● Work to complete:
Your output should be the lines of the entries below, exactly, from the first one through the line that holds "Wednesday: Wednesday Addams".

● The data:
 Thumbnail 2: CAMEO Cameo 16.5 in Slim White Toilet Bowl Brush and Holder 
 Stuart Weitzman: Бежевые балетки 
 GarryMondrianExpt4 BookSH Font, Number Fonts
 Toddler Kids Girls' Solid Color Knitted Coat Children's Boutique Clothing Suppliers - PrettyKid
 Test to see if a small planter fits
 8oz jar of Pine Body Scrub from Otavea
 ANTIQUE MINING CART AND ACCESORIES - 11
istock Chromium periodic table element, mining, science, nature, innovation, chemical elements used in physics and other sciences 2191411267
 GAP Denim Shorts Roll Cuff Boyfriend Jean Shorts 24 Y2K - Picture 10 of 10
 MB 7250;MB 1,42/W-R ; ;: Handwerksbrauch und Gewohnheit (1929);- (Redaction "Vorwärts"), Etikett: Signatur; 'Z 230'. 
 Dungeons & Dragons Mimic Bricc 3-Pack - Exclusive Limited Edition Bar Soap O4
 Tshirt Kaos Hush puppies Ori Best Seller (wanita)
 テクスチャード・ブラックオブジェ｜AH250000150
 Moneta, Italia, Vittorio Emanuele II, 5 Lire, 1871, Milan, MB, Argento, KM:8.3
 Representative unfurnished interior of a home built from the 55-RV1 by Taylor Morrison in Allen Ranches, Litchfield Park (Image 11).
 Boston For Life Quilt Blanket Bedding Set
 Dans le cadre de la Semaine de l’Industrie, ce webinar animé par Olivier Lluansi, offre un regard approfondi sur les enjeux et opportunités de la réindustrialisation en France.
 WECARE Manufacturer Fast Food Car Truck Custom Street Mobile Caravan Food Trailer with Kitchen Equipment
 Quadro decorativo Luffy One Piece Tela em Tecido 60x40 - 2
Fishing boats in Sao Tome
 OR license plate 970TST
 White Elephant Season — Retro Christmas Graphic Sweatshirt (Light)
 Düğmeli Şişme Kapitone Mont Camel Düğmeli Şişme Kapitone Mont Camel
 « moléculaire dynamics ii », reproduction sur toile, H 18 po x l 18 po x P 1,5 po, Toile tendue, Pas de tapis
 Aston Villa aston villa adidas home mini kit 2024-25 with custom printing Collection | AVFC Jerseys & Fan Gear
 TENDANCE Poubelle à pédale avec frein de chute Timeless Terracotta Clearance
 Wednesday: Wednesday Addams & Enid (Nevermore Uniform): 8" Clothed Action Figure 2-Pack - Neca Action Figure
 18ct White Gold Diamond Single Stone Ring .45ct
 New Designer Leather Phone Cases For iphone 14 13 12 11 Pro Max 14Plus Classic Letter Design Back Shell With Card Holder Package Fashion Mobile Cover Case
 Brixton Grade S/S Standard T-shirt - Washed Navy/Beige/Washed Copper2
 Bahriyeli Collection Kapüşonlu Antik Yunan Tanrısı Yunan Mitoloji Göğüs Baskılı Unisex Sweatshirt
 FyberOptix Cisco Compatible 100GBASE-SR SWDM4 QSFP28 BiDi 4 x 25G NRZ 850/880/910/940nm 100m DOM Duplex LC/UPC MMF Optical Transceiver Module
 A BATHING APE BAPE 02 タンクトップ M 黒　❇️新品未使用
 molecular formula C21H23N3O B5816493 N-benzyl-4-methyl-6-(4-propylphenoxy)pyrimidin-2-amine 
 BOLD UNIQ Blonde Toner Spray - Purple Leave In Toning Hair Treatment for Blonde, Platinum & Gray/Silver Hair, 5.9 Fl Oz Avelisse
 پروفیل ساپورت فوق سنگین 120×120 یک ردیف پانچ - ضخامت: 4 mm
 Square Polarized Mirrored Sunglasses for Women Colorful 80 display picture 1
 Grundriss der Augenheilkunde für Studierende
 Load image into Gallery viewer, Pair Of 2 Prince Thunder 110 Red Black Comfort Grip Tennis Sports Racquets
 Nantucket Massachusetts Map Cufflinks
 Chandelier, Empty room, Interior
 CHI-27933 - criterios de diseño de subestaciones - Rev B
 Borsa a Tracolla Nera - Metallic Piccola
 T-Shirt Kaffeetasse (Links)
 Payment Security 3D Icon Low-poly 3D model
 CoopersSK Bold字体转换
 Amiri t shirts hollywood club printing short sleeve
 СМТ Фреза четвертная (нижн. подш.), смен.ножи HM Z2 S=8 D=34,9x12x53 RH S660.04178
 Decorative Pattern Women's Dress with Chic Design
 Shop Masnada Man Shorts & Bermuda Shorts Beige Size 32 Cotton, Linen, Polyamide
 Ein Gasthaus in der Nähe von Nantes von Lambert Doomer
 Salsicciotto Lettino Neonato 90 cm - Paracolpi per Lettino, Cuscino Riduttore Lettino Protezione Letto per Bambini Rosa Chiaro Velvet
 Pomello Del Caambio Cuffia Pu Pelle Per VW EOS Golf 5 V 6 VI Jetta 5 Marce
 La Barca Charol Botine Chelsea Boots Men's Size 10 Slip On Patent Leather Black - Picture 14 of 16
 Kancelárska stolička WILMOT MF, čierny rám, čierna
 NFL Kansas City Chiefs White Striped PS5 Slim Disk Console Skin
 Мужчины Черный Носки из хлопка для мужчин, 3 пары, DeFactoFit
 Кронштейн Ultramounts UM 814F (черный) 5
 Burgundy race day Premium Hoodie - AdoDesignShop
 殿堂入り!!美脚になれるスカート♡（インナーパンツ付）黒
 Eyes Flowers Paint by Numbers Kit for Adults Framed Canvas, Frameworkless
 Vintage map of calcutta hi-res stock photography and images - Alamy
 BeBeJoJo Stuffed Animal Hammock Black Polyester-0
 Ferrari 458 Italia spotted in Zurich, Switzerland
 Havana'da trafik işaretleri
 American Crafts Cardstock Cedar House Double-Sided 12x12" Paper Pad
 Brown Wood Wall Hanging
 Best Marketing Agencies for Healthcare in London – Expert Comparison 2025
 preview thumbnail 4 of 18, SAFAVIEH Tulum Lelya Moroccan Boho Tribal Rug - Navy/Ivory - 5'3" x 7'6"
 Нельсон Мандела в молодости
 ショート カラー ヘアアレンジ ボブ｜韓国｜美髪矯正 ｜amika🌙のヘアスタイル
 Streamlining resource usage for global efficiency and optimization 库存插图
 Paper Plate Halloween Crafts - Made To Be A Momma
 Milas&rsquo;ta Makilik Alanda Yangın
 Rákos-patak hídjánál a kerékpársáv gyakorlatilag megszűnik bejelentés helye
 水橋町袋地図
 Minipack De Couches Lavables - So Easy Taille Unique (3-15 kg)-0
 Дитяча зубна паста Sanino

● Task answer:
 Thumbnail 2: CAMEO Cameo 16.5 in Slim White Toilet Bowl Brush and Holder 
 Stuart Weitzman: Бежевые балетки 
 GarryMondrianExpt4 BookSH Font, Number Fonts
 Toddler Kids Girls' Solid Color Knitted Coat Children's Boutique Clothing Suppliers - PrettyKid
 Test to see if a small planter fits
 8oz jar of Pine Body Scrub from Otavea
 ANTIQUE MINING CART AND ACCESORIES - 11
istock Chromium periodic table element, mining, science, nature, innovation, chemical elements used in physics and other sciences 2191411267
 GAP Denim Shorts Roll Cuff Boyfriend Jean Shorts 24 Y2K - Picture 10 of 10
 MB 7250;MB 1,42/W-R ; ;: Handwerksbrauch und Gewohnheit (1929);- (Redaction "Vorwärts"), Etikett: Signatur; 'Z 230'. 
 Dungeons & Dragons Mimic Bricc 3-Pack - Exclusive Limited Edition Bar Soap O4
 Tshirt Kaos Hush puppies Ori Best Seller (wanita)
 テクスチャード・ブラックオブジェ｜AH250000150
 Moneta, Italia, Vittorio Emanuele II, 5 Lire, 1871, Milan, MB, Argento, KM:8.3
 Representative unfurnished interior of a home built from the 55-RV1 by Taylor Morrison in Allen Ranches, Litchfield Park (Image 11).
 Boston For Life Quilt Blanket Bedding Set
 Dans le cadre de la Semaine de l’Industrie, ce webinar animé par Olivier Lluansi, offre un regard approfondi sur les enjeux et opportunités de la réindustrialisation en France.
 WECARE Manufacturer Fast Food Car Truck Custom Street Mobile Caravan Food Trailer with Kitchen Equipment
 Quadro decorativo Luffy One Piece Tela em Tecido 60x40 - 2
Fishing boats in Sao Tome
 OR license plate 970TST
 White Elephant Season — Retro Christmas Graphic Sweatshirt (Light)
 Düğmeli Şişme Kapitone Mont Camel Düğmeli Şişme Kapitone Mont Camel
 « moléculaire dynamics ii », reproduction sur toile, H 18 po x l 18 po x P 1,5 po, Toile tendue, Pas de tapis
 Aston Villa aston villa adidas home mini kit 2024-25 with custom printing Collection | AVFC Jerseys & Fan Gear
 TENDANCE Poubelle à pédale avec frein de chute Timeless Terracotta Clearance
 Wednesday: Wednesday Addams & Enid (Nevermore Uniform): 8" Clothed Action Figure 2-Pack - Neca Action Figure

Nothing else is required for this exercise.